Se la Lega imprime un marchio omofobo, razzista, antisociale, sempre più forte al governo con il M5S, l’opposizione c’è già. E sta nelle piazze di questi pride.
La marea di persone che ascolta il discorso di una signora di 93 anni, partigiana, il dito medio al palazzo occupato di Casapound, le proteste determinate contro il ministro Lorenzo Fontana o l’amministratore leghista e bigotto di turno. I Pride, e quello di Roma del weekend appena concluso è l’ultima conferma, sono diventate le più grandi manifestazioni antifasciste d’Italia.
Un bene per la comunità LGBTI che “diventa grande” e si (ri)scopre impegnata? Un male per gli antifascisti “di ruolo”, i cui cortei sentono la fatica del tempo? Poco importa, se da qui si costruisce. Perché di là, la costruzione già esiste: l’abbiamo visto nelle candidature dei catto-integralisti nella Lega, nei legami obliqui tra quel mondo e i fascisti di Forza Nuova.

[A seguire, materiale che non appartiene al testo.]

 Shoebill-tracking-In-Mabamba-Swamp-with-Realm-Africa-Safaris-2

Se la sinistra istituzionale ancora balbetta, ansiosa di fare “l’opposizione costruttiva”, sul mantenimento delle promesse di Lega-M5S, in piazza c’è un popolo visceralmente contro un governo che, appena insediatosi, è stato ansioso di dimostrarsi omofobo e razzista.
Un popolo visceralmente contro, al di là della croce segnata sulla propria scheda di voto, che vuole gridare la gioia di un amore riconosciuto, la gioia di una vita salvata, la gioia di una diversità difesa: questa è la vera “opposizione costruttiva”, una ribellione gioiosa, come solo nei Pride si può trovare.

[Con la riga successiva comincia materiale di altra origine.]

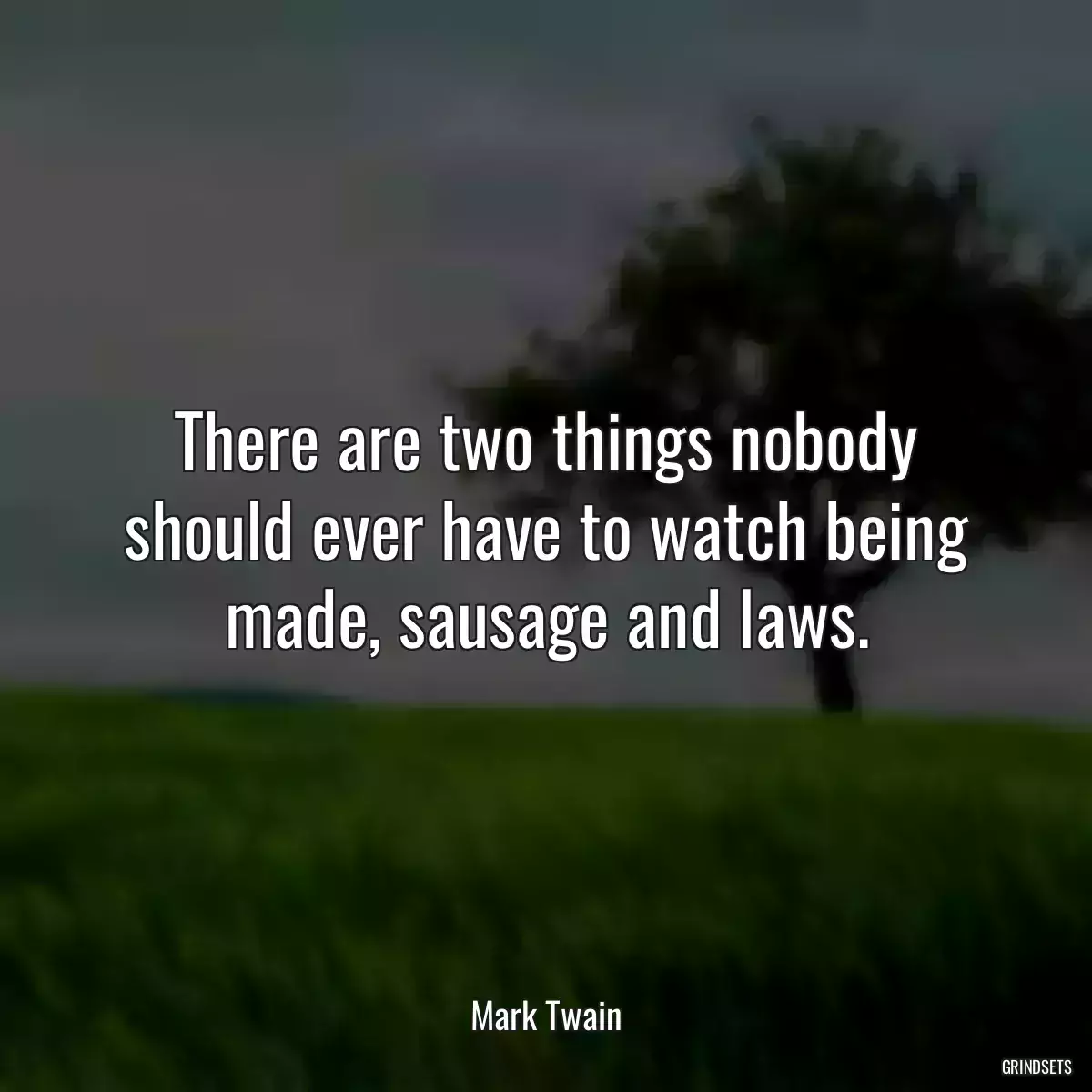 There are two things nobody should ever have to watch being made, sausage and laws.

A chi tocca ora fare la prossima mossa? Alla comunità LGBTI dunque, certo non tutta. Non tutta partecipa ai Pride, lo sappiamo, non tutta sarà pronta a chiamare alle loro responsabilità coloro che da alleati stanno consentendo la deriva di questo governo, con il cinismo del complice o l’ingenuità del compare. E tocca anche a tutti coloro che hanno sfilato con noi per le strade del nostro Paese e che lo faranno per tutta l’estate con l’Onda Pride, da Torino a Siracusa.

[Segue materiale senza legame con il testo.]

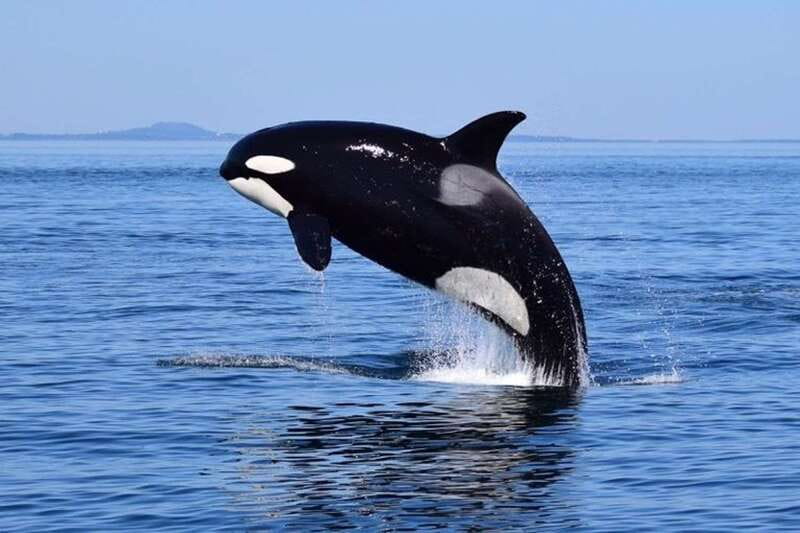 From Victoria: Whale Watching Tour by Zodiac Boat - Key points before you book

Per farlo saremo chiamati a fare esattamente l’opposto di quanto predica l’iperattivo ministro dell’Interno del governo: assumere su di noi la battaglia dell’altro. Senza indugi. I diritti civili, i diritti sociali, l’antifascismo, il femminismo. Si chiama intersezionalità, significa restare umani.
Si annunciano cinque anni durissimi, potrebbero diventare cinque anni bellissimi. Dipende da noi.